How AI is reshaping science and society

The process continues — typically using billions of fragments of language, scientific text and programming code — until the model can reliably predict the masked tokens. By this stage, the model parameters have captured the statistical structure of the training data, and the knowledge contained therein. The parameters are then fixed and the model uses them to predict new tokens when given fresh queries or ‘prompts’ that were not necessarily present in its training data, a process known as inference.

The use of a type of neural network architecture known as a transformer has taken LLMs significantly beyond previous achievements. The transformer allows a model to learn that some tokens have a particularly strong influence on others, even if they are widely separated in a sample of text. This permits LLMs to parse language in ways that seem to mimic how humans do it — for example, differentiating between the two meanings of the word ‘bank’ in this sentence: “When the river’s bank flooded, the water damaged the bank’s ATM, making it impossible to withdraw money.”

This approach has turned out to be highly successful in a wide array of contexts, including generating computer programs to solve problems that are described in natural language, summarizing academic articles and answering mathematics questions.

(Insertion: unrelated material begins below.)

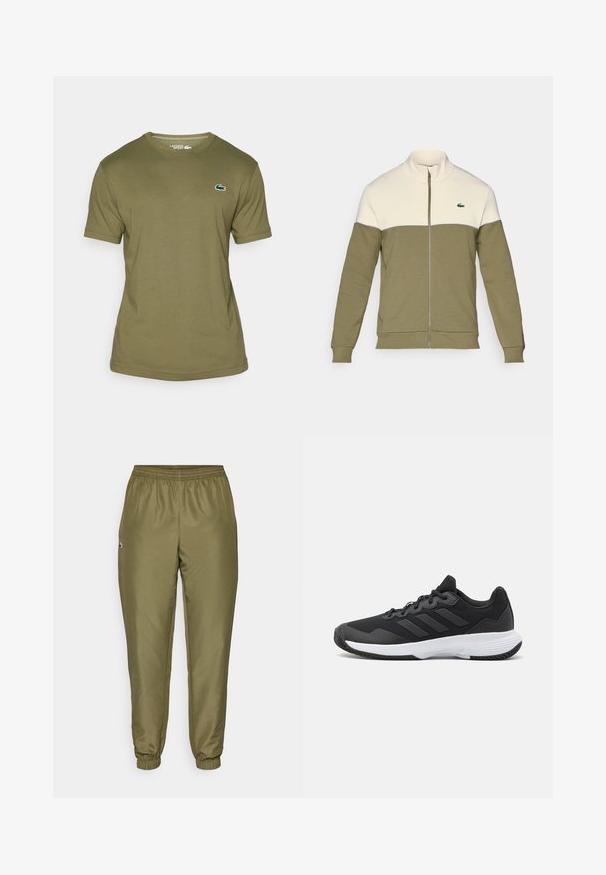 Olive spalvos zip-up striukė su balta viršutine dalimi, pagaminta iš minkštos medžiagos. Turi stovinčią apykaklę ir mažą siuvinėtą logotipą krūtinėje.; Alyvuogių žalios spalvos trumpomis rankovėmis marškinėliai, pagaminti iš medvilnės, su apykakle ir mažuoju žaliu bei raudonu Lacoste logotipu ant krūtinės.; Alyvuogių spalvos sportiniai kelnės su elastinga juosta, siaurėjantys kulkšnys ir mažas logotipo detalė. Pagamintos iš lygios, lengvos medžiagos.; Juodas sportinis batelis su tekstūruota viršutine dalimi, trimis horizontaliomis juostelėmis ir baltu padu su raštuotu protektoriumi. Lengvas ir aerodinamiškas dizainas.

And other new capabilities have emerged along the way, especially as LLMs have increased in size, raising the possibility that AGI, too, could simply emerge if LLMs get big enough. One example is chain-of-thought (CoT) prompting. This involves showing an LLM an example of how to break down a problem into smaller steps to solve it, or simply asking the LLM to solve a problem step-by-step. CoT prompting can lead LLMs to correctly answer questions that previously flummoxed them. But the process doesn’t work very well with small LLMs.

The limits of LLMs

CoT prompting has been integrated into the workings of o1, according to OpenAI, and underlies the model’s prowess. Francois Chollet, who was an AI researcher at Google in Mountain View, California, and left in November to start a new company, thinks that the model incorporates a CoT generator that creates numerous CoT prompts for a user query and a mechanism to select a good prompt from the choices. During training, o1 is taught not only to predict the next token, but also to select the best CoT prompt for a given query. The addition of CoT reasoning explains why, for example, o1-preview — the advanced version of o1 — correctly solved 83% of problems in a qualifying exam for the International Mathematical Olympiad, a prestigious mathematics competition for high-school students, according to OpenAI. That compares with a score of just 13% for the company’s previous most powerful LLM, GPT-4o.